Chefe da Mercedes diz que não há favoritismo entre os pilotos

Por Alan Baldwin

Piloto de F1 da Mercedes Lewis Hamilton sai de pit stop durante GP da Malásia. Hamilton nunca pediu para ser priorizado na Mercedes, e as ordens da equipe que o ajudaram a chegar em terceiro no Grande Prêmio da Malásia foram dadas somente por necessidade, de acordo com Ross Brawn, o chefe da escuderia. 24/03/2013 REUTERS/Raymond Ho/Pool

LONDRES, 6 Abr (Reuters) - Lewis Hamilton nunca pediu para ser priorizado na Mercedes, e as ordens da equipe que o ajudaram a chegar em terceiro no Grande Prêmio da Malásia foram dadas somente por necessidade, de acordo com Ross Brawn, o chefe da escuderia.

Em entrevista ao canal Sky Sports F1, Brawn disse que tanto Hamilton, campeão da F1 em 2008, quanto seu colega de equipe, Nico Rosberg, foram ordenados a manter suas posições por causa de um problema de combustível.

Rosberg, que terminou na quarta colocação, pediu repetidamente que Hamilton fosse orientado a lhe dar passagem, por sentir estar mais rápido.

“Não gostei de ter que dar as ordens que dei na Malásia, não é da minha natureza esportiva e acho que a equipe já demonstrou muitas vezes que ficamos à vontade deixando nossos pilotos competirem um com o outro”, afirmou Brawn.

“Do ponto de vista técnico, teríamos parecido extremamente tolos se deixássemos os dois carros ficarem sem combustível”, acrescentou.

Hamilton ficou incomodado com a situação depois da corrida em Sepang, e no pódio disse sentir que Rosberg - que venceu o GP da China do ano passado para a escuderia - deveria estar lá em seu lugar.

O tricampeão aposentado Niki Lauda, presidente não-executivo e acionista da Mercedes, também criticou as ações de Brawn, que disse terem sido erradas pela ótica esportiva.

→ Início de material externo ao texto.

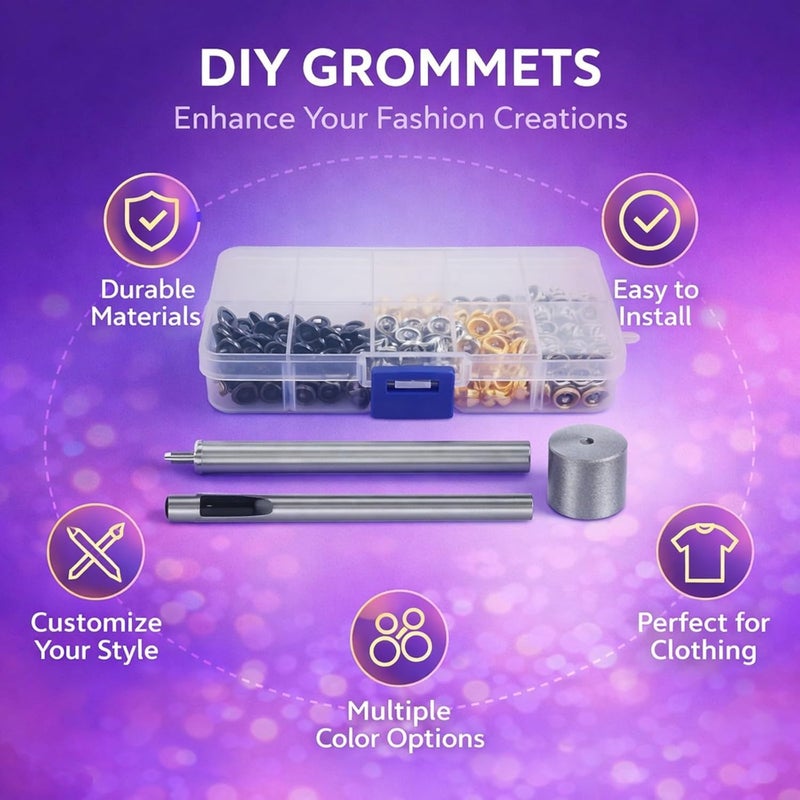 Grommets DIY Kit 240pcs, 4mm Small Metal Eyelets, 4 Colors with Storage Box - Practical for Clothing Modification, Crafts, and Leatherwork - Image 3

“Precisamos conversar com Ross, se está é a estratégia a ser usada daqui em diante”, declarou o austríaco depois da prova.

Brawn disse que nem Hamilton nem Lauda estavam cientes do quadro geral na ocasião, e elogiou o piloto por jogar limpo.

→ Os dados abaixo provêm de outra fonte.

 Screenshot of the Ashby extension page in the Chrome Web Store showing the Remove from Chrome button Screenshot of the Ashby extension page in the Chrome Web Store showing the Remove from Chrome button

“Claro que Lewis quer correr... nas negociações contratuais que tivemos com ele, de nossa parte nunca se mencionou quem seria o primeiro ou o segundo piloto. Tudo que ele quer é paridade”, explicou Brawn.

“Ele quer o mesmo equipamento, a mesma oportunidade, e é ótimo ele não querer favoritismo. Acho que foi por isso que ele se sentiu constrangido”.

Os 27 pontos obtidos no GP da Malásia foram a maior pontuação da Mercedes em uma única corrida desde que incorporou a equipe Brawn.